[Short web captions]
Start of Block
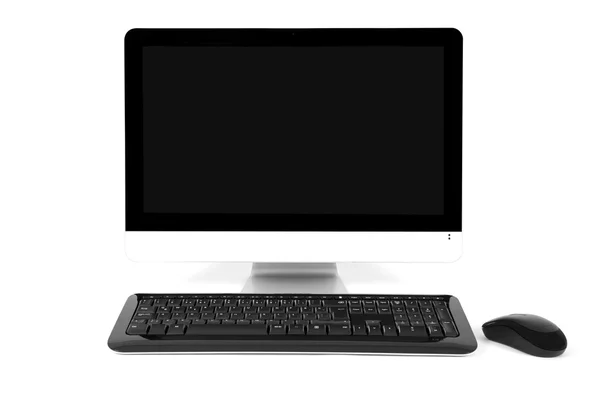 电脑，显示器，桌面、 键盘、 鼠标、 风扇配件 — 图库照片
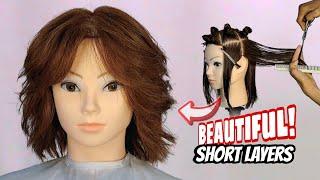 SHORT LAYERED HAIRCUT| TUTORIAL|potong rambut layer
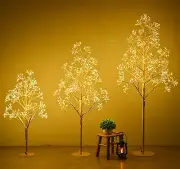 Pack of 3 Twig Tree with Lights, 3/4/5FT 2460LED Fairy Light Tree, Light up Tree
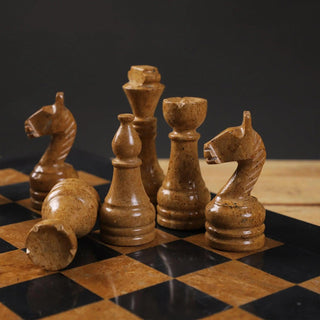  Black and Golden Fancy Chess Set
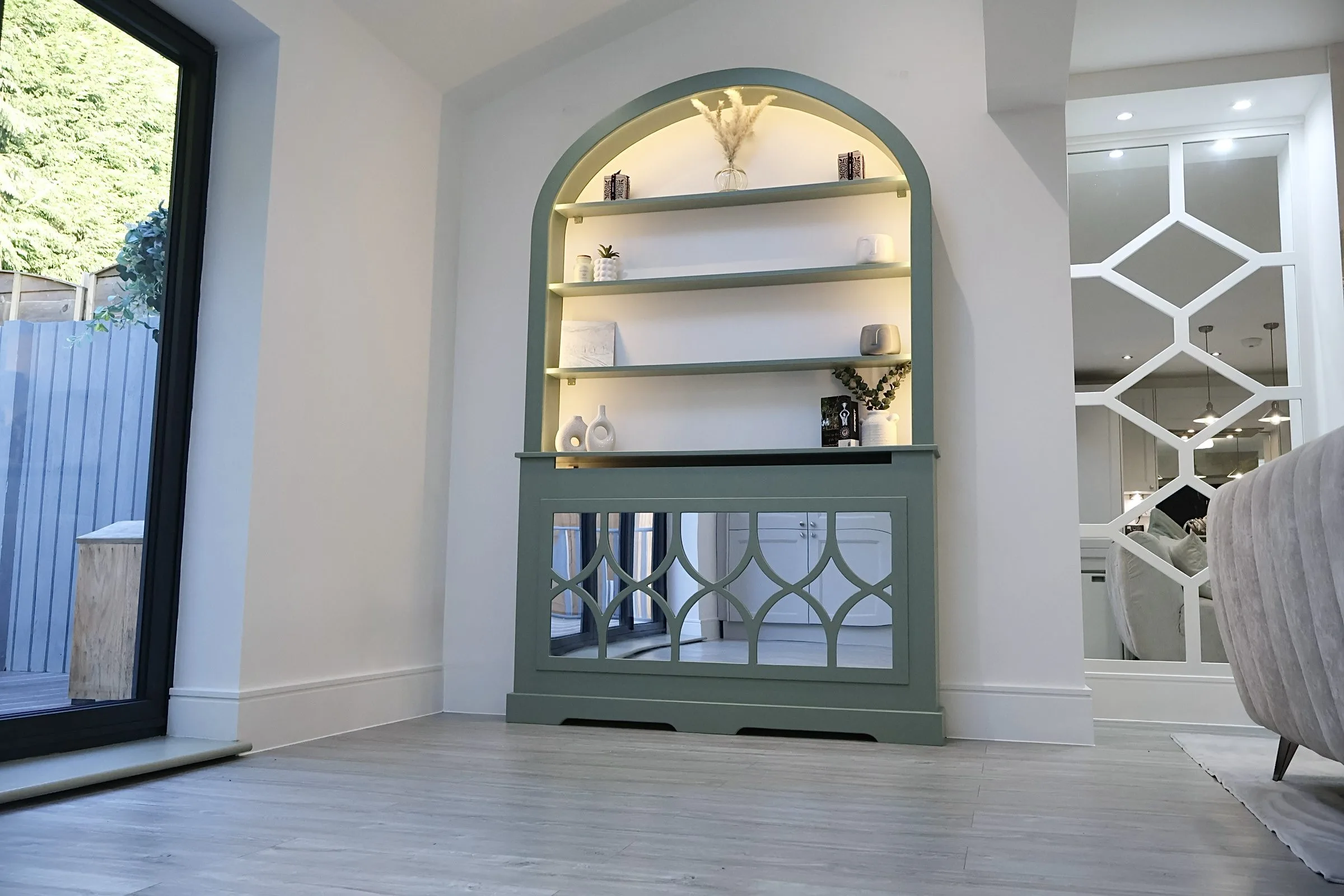 Curved radiator cover bookcase, Curved bookshelf, Solid Pine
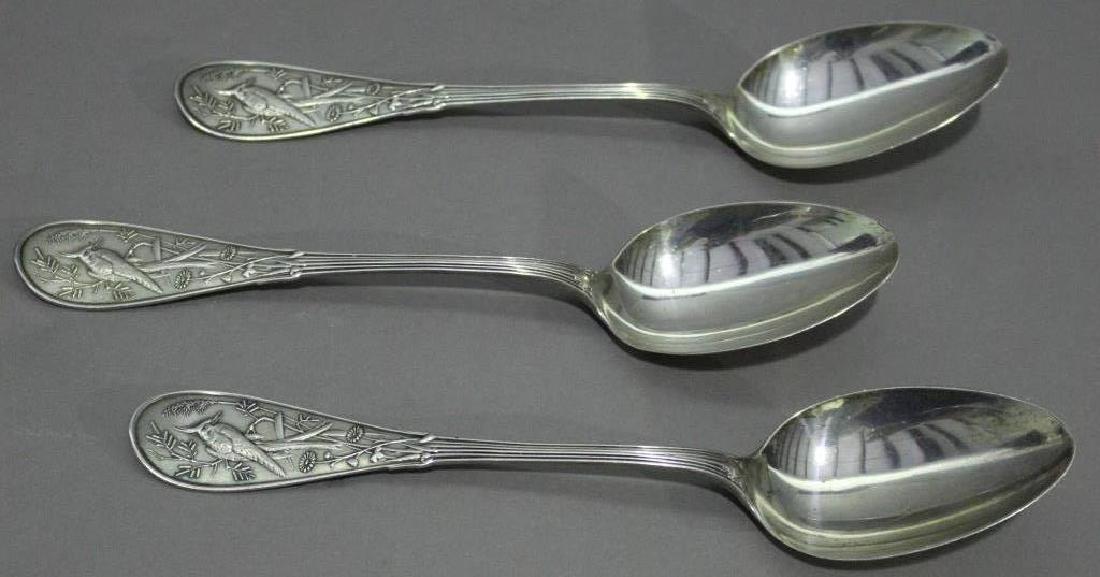 Three Large Tiffany Sterling Spoons "Japanese": Three large sterling silver Tiffany & Co. spoons "Japanese" pattern, fine condition, 6.37 ozt. Each 8 5/8" long.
End of Block
**Work required**
What is needed is an exact copy of only the lines above from the one with "Pack of 3 Twig" to the one with "Curved radiator cover", both kept, with every picture left out.

**Your solution**
 Pack of 3 Twig Tree with Lights, 3/4/5FT 2460LED Fairy Light Tree, Light up Tree
  Black and Golden Fancy Chess Set
 Curved radiator cover bookcase, Curved bookshelf, Solid Pine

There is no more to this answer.